PROBLEM DESCRIPTION:
Lines holding the word "from" must be located in the listing below and copied.

PROVIDED INFORMATION:
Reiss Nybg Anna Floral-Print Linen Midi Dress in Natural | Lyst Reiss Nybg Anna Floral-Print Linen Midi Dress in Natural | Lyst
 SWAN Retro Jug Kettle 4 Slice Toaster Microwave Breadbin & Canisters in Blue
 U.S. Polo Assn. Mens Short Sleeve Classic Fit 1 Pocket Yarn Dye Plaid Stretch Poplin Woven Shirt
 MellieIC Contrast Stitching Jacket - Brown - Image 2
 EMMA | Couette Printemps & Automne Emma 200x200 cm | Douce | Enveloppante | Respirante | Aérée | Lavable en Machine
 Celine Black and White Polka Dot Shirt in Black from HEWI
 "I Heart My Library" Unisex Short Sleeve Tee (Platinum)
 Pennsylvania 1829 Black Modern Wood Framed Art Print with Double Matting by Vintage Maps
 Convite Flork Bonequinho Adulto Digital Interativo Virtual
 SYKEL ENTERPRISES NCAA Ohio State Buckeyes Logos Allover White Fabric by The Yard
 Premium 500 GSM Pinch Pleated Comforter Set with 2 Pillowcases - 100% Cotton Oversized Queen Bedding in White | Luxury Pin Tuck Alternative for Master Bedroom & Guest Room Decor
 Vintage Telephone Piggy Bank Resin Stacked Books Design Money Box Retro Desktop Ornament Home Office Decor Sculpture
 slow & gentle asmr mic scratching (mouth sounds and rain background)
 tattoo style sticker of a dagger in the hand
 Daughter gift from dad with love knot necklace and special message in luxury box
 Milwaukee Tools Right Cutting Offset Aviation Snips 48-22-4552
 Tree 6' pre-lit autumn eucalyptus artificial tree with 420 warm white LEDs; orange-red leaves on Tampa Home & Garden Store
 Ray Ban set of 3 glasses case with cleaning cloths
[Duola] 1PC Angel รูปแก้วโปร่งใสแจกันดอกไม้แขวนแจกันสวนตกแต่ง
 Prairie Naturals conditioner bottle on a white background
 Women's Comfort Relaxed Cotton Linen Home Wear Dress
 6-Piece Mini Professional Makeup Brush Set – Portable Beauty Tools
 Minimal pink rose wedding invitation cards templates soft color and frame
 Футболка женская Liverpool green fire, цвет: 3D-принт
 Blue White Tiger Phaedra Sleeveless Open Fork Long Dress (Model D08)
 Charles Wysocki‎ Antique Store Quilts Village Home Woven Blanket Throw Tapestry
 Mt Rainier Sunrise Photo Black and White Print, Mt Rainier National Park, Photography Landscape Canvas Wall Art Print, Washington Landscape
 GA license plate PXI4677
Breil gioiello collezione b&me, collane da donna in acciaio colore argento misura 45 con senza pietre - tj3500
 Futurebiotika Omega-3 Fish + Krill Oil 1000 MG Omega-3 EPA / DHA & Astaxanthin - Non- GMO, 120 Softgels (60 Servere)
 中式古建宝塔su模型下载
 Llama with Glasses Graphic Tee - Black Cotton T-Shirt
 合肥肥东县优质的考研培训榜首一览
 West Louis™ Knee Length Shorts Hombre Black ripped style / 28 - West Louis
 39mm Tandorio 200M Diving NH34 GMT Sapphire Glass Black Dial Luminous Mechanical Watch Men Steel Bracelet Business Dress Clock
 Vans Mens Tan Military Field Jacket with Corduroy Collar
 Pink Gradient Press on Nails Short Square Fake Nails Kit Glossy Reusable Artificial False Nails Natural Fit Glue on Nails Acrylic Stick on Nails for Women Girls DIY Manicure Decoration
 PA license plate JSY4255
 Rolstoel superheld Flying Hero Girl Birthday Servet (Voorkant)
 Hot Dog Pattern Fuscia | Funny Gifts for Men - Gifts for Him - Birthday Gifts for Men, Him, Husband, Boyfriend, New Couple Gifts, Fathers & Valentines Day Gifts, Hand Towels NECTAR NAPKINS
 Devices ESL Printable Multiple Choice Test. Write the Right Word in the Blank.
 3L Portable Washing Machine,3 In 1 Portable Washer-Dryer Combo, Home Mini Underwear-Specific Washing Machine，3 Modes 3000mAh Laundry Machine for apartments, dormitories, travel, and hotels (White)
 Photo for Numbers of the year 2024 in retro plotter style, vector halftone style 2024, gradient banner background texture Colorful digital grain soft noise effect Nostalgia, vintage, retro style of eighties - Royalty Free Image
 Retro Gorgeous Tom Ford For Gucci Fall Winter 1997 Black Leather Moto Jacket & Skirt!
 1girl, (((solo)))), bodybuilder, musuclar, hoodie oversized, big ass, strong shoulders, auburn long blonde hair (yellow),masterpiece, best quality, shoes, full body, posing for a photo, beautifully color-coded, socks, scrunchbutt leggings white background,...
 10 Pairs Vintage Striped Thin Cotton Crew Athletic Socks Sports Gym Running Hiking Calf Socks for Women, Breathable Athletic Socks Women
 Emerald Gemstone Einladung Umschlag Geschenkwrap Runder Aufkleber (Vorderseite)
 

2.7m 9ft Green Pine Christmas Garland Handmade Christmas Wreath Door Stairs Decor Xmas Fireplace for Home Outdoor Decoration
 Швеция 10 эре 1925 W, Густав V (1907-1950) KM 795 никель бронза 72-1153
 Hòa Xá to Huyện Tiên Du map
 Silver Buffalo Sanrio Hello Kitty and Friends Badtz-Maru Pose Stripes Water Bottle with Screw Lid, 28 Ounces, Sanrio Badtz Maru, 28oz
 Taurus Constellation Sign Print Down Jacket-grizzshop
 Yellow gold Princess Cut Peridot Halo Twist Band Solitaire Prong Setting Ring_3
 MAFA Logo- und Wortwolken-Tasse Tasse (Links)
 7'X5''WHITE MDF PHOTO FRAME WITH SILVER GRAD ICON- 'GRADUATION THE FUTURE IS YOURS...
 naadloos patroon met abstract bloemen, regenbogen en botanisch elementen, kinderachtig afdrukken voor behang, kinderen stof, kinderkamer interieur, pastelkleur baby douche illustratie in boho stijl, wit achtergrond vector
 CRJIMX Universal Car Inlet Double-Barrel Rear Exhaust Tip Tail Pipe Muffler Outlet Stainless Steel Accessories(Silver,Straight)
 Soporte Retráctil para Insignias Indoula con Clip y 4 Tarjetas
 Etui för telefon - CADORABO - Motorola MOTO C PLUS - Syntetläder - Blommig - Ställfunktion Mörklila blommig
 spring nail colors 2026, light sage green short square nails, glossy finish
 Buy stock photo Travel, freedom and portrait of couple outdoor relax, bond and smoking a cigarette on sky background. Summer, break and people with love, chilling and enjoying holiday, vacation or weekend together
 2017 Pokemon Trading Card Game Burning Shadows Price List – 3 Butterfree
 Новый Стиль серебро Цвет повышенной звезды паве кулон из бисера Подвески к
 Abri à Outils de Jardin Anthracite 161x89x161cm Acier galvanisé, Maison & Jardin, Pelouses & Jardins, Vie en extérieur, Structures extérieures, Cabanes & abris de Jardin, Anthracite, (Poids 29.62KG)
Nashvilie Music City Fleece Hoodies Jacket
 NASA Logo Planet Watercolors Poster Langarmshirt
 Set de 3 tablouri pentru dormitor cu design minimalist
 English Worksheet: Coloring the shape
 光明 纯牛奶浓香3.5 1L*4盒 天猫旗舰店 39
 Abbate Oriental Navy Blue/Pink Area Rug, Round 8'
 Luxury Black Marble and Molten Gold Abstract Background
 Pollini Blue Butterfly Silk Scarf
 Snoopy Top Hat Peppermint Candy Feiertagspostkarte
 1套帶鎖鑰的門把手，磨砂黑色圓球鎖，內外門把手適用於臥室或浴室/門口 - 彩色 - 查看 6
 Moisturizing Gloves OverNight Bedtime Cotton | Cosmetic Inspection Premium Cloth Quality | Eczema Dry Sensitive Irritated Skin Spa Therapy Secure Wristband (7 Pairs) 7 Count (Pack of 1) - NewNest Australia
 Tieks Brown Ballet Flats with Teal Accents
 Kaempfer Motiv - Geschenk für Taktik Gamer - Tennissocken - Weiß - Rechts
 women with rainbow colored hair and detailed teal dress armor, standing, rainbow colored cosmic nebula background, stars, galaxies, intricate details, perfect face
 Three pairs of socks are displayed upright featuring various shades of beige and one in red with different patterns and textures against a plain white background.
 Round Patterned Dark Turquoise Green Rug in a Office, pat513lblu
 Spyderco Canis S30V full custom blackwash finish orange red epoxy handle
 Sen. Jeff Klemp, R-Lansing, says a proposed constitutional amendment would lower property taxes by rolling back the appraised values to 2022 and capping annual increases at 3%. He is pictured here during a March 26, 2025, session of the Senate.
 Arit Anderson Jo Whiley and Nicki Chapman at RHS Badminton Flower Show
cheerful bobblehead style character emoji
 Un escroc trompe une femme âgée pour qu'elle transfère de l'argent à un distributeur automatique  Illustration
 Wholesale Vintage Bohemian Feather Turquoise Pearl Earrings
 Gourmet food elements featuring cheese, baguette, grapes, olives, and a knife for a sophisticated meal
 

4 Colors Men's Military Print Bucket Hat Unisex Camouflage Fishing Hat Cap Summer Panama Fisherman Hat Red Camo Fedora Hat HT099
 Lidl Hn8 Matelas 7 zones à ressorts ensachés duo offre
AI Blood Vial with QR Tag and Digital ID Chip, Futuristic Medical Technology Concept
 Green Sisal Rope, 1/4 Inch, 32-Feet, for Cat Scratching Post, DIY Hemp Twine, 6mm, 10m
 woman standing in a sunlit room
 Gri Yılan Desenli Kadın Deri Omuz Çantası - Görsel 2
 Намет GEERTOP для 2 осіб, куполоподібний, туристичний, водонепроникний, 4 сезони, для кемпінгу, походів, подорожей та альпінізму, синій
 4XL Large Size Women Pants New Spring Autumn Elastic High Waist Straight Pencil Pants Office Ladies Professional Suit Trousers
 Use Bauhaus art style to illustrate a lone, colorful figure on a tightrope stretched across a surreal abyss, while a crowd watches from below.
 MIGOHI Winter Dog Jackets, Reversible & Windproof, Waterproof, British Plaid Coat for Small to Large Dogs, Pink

REPLY:
 Celine Black and White Polka Dot Shirt in Black from HEWI
 Daughter gift from dad with love knot necklace and special message in luxury box
 Use Bauhaus art style to illustrate a lone, colorful figure on a tightrope stretched across a surreal abyss, while a crowd watches from below.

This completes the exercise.